My experience with many doctors and my reading of the literature in the field shows that eating disorders are very poorly understood, and that even the most well-intentioned of interventions can lead to a worsening in the disorder. It is here that I want to discuss yoga in more depth, as it relates to eating disorder recovery. The benefits of yoga for anyone who commits to a regular practice are reduced stress, improved mobility and strength, a calmer mind and breath, and ultimately, a deeper connection to the Self. These benefits are immeasurable. However, the process of connecting the mind, the body, and the breath, not to mention connecting to one’s own divine nature, can be absolutely TERRIFYING for someone in the depths of an eating disorder. For me, coming out of the eating disorder was like flipping a switch; sheer fear and specter of death jolted me into a shocking reality. I have spent the last several years coming to terms with the fact that I abused my body, in some ways irreparably, and that I have to learn to forgive myself and understand that I was suffering from a disease. If others, like me, experience that switch flipping, it could be overwhelming. I was essentially in a state of denial and dissociation about my disease for years and felt suicidal once I realized what I had truly experienced.

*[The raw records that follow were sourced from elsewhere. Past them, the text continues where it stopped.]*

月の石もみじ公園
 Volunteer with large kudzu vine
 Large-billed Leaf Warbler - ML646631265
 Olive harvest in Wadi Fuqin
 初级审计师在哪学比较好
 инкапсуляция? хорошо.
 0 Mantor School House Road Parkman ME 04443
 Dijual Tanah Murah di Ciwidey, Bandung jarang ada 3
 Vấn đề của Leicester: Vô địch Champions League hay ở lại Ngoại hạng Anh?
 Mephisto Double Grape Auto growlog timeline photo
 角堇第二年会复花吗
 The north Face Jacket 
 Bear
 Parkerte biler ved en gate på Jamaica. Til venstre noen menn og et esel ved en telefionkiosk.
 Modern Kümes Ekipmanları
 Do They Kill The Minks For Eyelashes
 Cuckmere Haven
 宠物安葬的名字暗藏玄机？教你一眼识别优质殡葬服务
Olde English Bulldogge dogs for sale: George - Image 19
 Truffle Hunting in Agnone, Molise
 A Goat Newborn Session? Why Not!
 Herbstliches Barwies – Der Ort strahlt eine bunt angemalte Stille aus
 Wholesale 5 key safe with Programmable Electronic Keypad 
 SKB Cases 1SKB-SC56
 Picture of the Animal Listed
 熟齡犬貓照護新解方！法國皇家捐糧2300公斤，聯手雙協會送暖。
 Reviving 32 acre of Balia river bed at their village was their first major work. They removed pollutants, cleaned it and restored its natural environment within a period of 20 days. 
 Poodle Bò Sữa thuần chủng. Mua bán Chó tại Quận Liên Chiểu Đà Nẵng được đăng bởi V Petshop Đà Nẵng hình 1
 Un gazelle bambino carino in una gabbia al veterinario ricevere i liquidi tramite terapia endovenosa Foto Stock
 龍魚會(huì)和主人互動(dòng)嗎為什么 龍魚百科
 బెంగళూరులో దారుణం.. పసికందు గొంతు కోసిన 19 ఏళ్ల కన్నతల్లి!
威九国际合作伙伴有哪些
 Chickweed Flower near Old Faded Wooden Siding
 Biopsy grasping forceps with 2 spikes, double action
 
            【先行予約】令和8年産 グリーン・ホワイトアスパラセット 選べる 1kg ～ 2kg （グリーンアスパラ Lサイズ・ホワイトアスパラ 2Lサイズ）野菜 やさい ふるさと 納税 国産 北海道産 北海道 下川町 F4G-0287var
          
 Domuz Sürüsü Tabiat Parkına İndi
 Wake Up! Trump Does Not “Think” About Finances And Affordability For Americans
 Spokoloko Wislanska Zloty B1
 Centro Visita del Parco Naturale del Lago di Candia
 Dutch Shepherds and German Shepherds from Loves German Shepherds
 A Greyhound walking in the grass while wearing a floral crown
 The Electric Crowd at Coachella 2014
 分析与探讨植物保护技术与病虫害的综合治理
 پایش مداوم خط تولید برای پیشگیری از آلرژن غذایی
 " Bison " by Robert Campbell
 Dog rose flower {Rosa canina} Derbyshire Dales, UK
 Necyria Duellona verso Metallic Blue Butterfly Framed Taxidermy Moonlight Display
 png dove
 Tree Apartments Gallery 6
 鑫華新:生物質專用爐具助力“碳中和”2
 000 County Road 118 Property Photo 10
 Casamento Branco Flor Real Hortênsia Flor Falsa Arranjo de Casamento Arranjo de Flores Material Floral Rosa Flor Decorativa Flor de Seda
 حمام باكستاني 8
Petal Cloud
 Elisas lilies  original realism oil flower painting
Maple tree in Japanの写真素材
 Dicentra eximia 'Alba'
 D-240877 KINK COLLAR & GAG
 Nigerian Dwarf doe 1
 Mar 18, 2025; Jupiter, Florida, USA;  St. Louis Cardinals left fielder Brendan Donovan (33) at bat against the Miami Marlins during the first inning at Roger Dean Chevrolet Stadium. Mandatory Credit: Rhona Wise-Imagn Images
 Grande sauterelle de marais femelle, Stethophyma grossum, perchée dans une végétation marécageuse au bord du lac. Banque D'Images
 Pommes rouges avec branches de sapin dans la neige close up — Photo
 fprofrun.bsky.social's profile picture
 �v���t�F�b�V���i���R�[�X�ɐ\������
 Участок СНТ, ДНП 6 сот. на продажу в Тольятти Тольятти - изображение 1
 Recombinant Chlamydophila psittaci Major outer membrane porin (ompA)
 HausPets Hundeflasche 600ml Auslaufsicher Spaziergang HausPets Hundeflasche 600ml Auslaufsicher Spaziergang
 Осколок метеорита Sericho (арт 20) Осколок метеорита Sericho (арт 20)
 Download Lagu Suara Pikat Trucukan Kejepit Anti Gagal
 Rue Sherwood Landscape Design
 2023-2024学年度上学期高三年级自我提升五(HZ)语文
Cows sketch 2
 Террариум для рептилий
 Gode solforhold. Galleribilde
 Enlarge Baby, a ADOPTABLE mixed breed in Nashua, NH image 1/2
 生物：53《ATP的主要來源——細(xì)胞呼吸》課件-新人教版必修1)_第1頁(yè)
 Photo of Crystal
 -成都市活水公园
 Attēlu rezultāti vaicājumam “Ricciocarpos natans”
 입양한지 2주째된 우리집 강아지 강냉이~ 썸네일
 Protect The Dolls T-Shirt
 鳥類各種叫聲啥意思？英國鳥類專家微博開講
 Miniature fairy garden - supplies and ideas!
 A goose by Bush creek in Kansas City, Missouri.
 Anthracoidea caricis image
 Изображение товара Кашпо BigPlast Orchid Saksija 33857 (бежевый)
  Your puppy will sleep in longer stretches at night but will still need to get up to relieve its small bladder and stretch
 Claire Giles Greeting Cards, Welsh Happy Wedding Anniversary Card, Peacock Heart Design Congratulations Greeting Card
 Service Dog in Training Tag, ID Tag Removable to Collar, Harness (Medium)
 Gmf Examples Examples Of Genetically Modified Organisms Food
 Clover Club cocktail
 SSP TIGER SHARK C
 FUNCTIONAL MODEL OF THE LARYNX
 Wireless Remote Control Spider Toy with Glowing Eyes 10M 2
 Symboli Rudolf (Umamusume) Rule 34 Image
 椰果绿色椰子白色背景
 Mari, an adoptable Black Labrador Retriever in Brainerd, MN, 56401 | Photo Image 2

For this reason, I urge yoga teachers and mental health professionals to be incredibly sensitive and careful with your students; for yoga teachers, please do not mention “working off the calories” from a meal in your yoga class, or engage in any non-body-positive talk or criticism, including jokes. For mental health professionals, I urge you to know your client well. Do not advise them to take any old yoga class or practice with just any teacher because that “jolt” of connection to the body could cause severe mental anguish. I still encourage yoga as an excellent part of healing, especially later in recovery. I simply wish to emphasize the intensity and shock of truly understanding one’s eating disorder at the outset of recovery, and that this must be addressed with the utmost caution and care.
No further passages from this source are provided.